Pokemon Go players like zombies

Brent Stafford theQ Leave a Comment

theQuestion: Is the Pokemon Go craze a sign of a coming apocalypse?*

As Rome burns, the masses fiddle their time away immersed in the latest version of one of the most persistently inane video game franchises of all time — Pokemon. Only those with heads stuck in the sand could have missed Pokemon Go and the international phenomenon it unleashed just a few weeks ago — amassing an army of followers.

Pokemon Go is the first mass-market video game to successfully blend the real world and the digital world into what is called “augmented reality.”

The game is built on a brightly-animated version of Google Maps and tracks a player’s location and movements in real-time.

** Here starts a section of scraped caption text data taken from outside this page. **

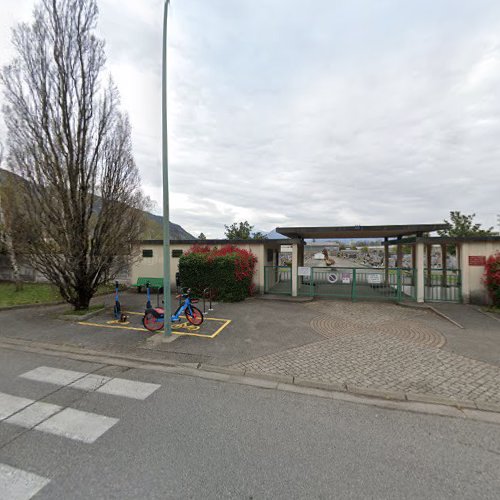 Nouveau cimetiere à Le Pont-de-Claix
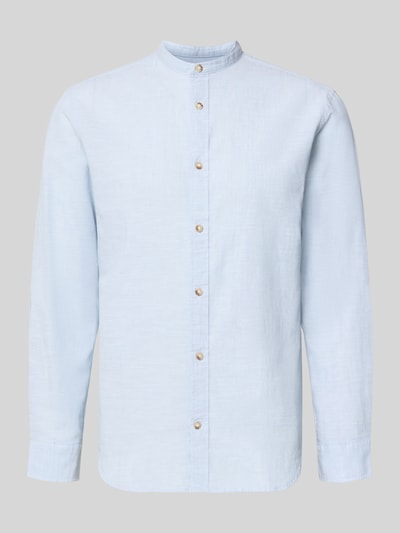 Produktfoto, Regular Fit Freizeithemd aus Baumwoll-Leinen-Mix von Jack & Jones in Hellblau mit Stehkragen und Knopfleiste, glatte Textur. Modell SUMMER LINEN BLEND, Länge 75 cm, Schulterbreite 46 cm, Ärmellänge 65 cm.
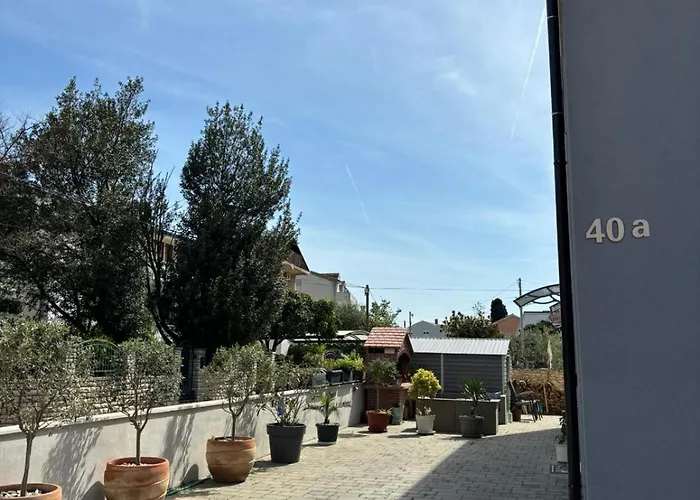 Velebit Appartement *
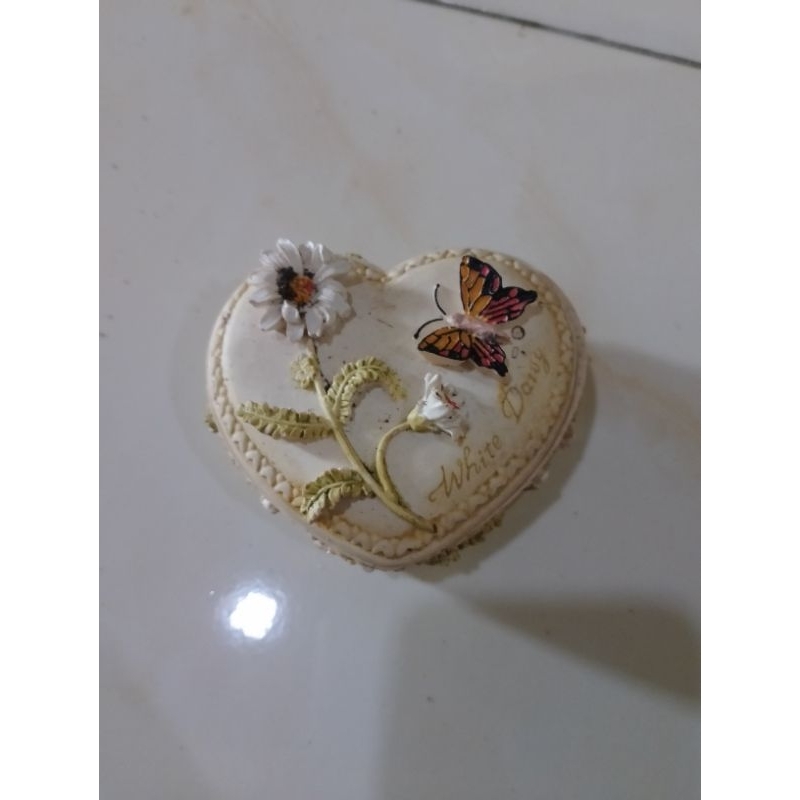 Tempat Perhiasan Bentuk Hati Motif Bunga Warna Putih [Preloved]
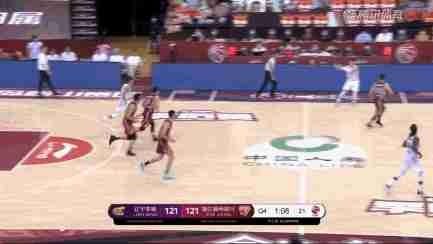 得分纪录|CBA库里疯狂48+9三分破纪录，却倒在郭少面前，2球教他何为第一卫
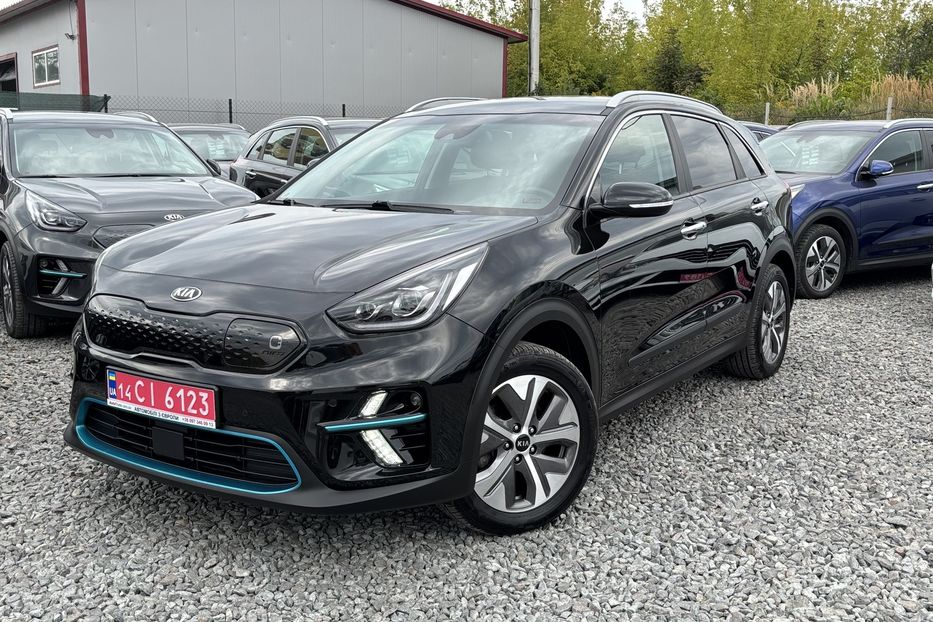 Продам Kia Niro 64квт 2021 года в Львове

The game map includes the roads, waterways and monuments where the player lives and displays real-world locations where hidden Pokemon monsters can be found.

Gameplay requires players to behave rather strangely. Like zombies marching to the apocalypse, players dutifully tromp through the streets of our cities with heads down and eyes glazed in an endless search for the next demon to capture, nurture and train to do battle. One must constantly look at their phone, consult the map, while navigating the real world. There is nothing real to be found. Using the camera on the phone, the player scans the surroundings and game displays, over top of reality, a Pokemon monster to capture.

Then there are the hazards — not in the game, but in the real world. These hazards must also be navigated, not just to win the game, but to not get yourself killed. Police departments across the world have issued warnings about distracted walking, driving and bike riding while playing. In San Diego, firefighters were called to rescue two men that separately walked off a cliff in search of a Pokemon. New York City has plastered its subway with pleas to stay behind the yellow line and off the tracks. In Bosnia, players were spotted trying to catch Pokemon in an active minefield left over from the brutal war in the 1990s.

If a video game commands so many people to do so many foolish things, what happens when the creators of that game decide to command its legions to engage in more sinister behaviour? Would players be aware? Or would they just follow instructions no matter the cost? I fear Pokemon creatures might not be the only ones being trained.